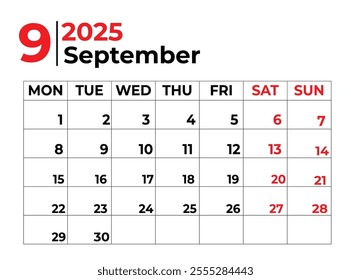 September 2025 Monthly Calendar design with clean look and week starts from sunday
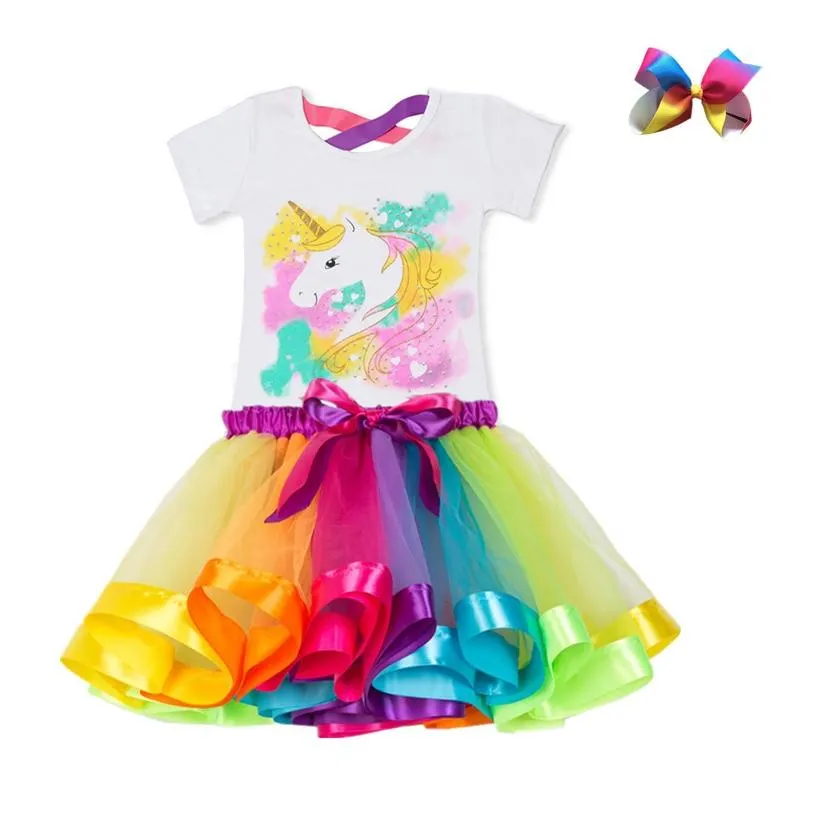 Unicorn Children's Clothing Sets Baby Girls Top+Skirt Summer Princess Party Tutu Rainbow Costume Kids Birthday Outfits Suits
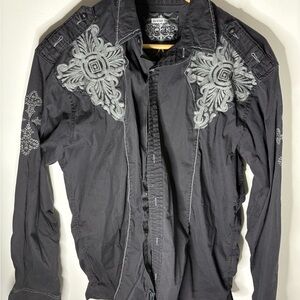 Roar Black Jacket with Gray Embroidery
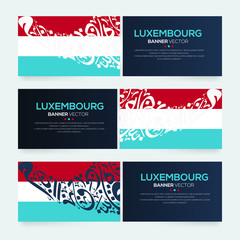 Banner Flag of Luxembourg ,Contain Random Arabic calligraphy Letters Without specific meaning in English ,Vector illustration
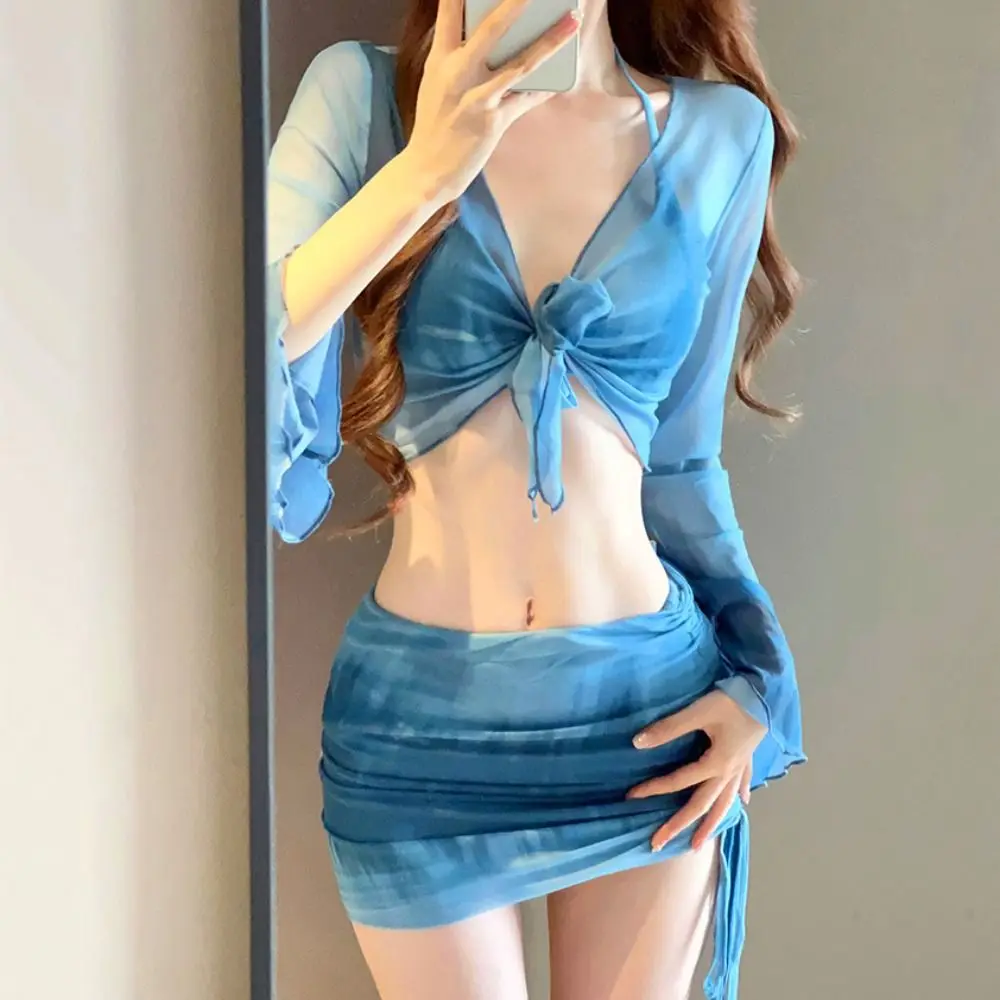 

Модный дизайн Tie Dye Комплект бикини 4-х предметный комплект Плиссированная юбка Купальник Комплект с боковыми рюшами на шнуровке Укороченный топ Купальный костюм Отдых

────

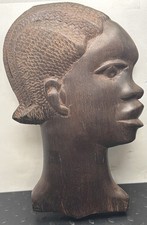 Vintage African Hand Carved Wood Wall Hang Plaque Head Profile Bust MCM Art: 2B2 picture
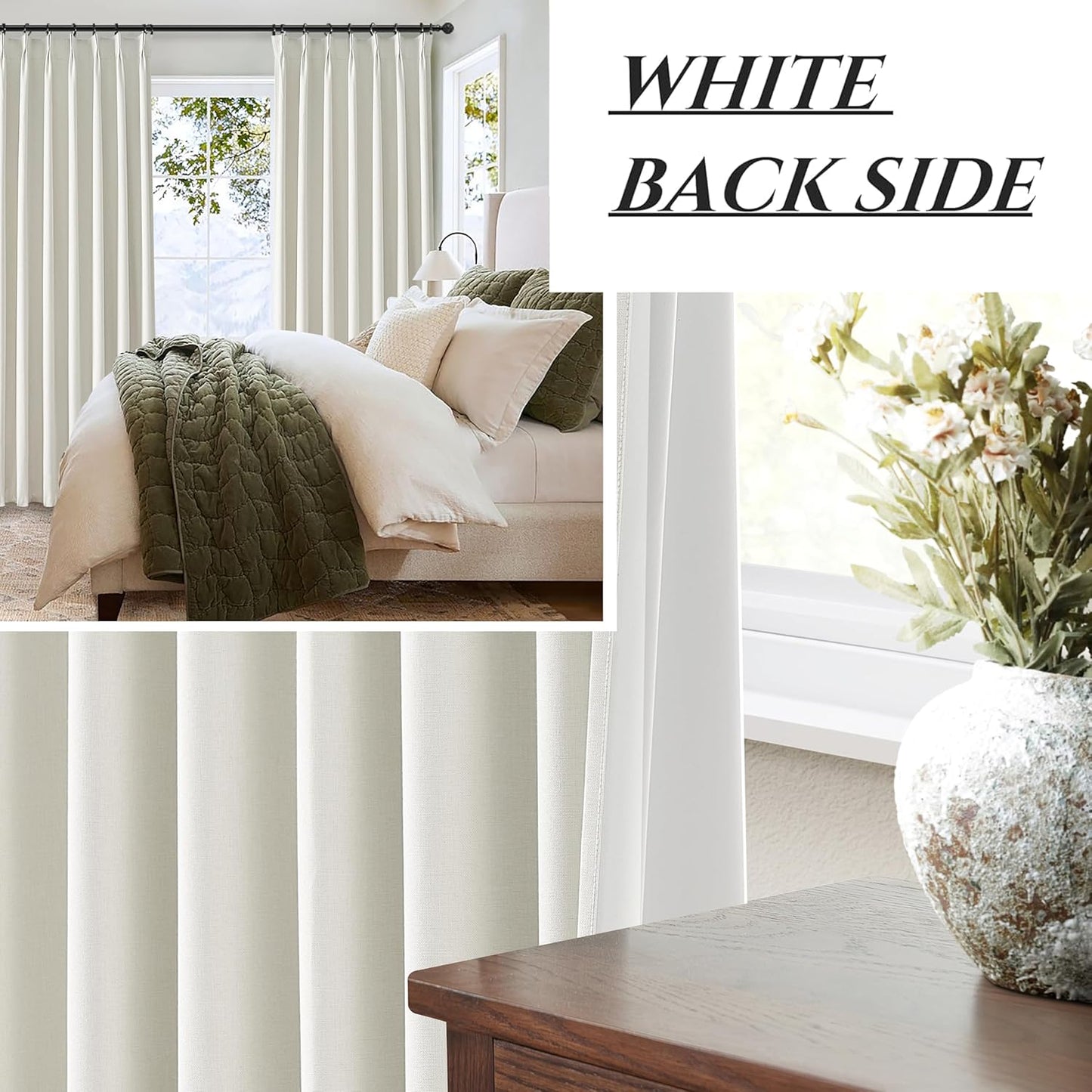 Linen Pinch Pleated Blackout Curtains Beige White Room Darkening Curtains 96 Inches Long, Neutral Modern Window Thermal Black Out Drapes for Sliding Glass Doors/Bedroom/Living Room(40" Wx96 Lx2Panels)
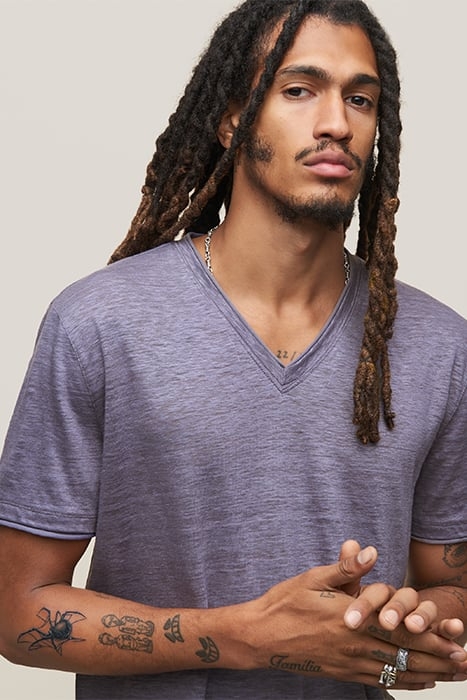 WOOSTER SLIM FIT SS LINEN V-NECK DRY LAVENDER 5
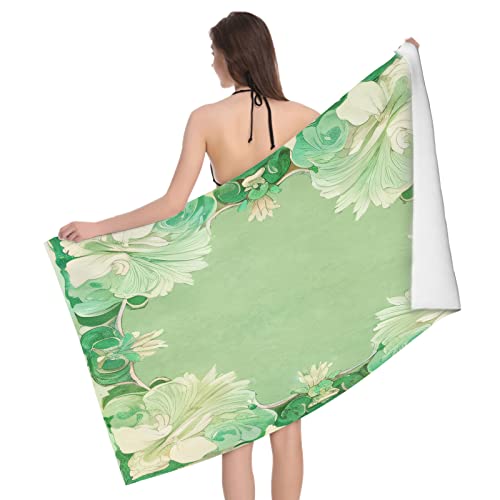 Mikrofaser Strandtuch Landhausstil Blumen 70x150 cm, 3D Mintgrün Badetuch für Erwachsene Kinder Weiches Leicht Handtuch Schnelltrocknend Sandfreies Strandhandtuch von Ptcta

────

# DIRECTIONS FOR THIS TASK
Write back the stretch of lines above that begins with the line holding "September 2025 Monthly" and ends with the line holding "Модный дизайн Tie", both included, exactly as written. Pictures stay out.

# ANSWER BOX
 September 2025 Monthly Calendar design with clean look and week starts from sunday
 Unicorn Children's Clothing Sets Baby Girls Top+Skirt Summer Princess Party Tutu Rainbow Costume Kids Birthday Outfits Suits
 Roar Black Jacket with Gray Embroidery
 Banner Flag of Luxembourg ,Contain Random Arabic calligraphy Letters Without specific meaning in English ,Vector illustration

Модный дизайн Tie Dye Комплект бикини 4-х предметный комплект Плиссированная юбка Купальник Комплект с боковыми рюшами на шнуровке Укороченный топ Купальный костюм Отдых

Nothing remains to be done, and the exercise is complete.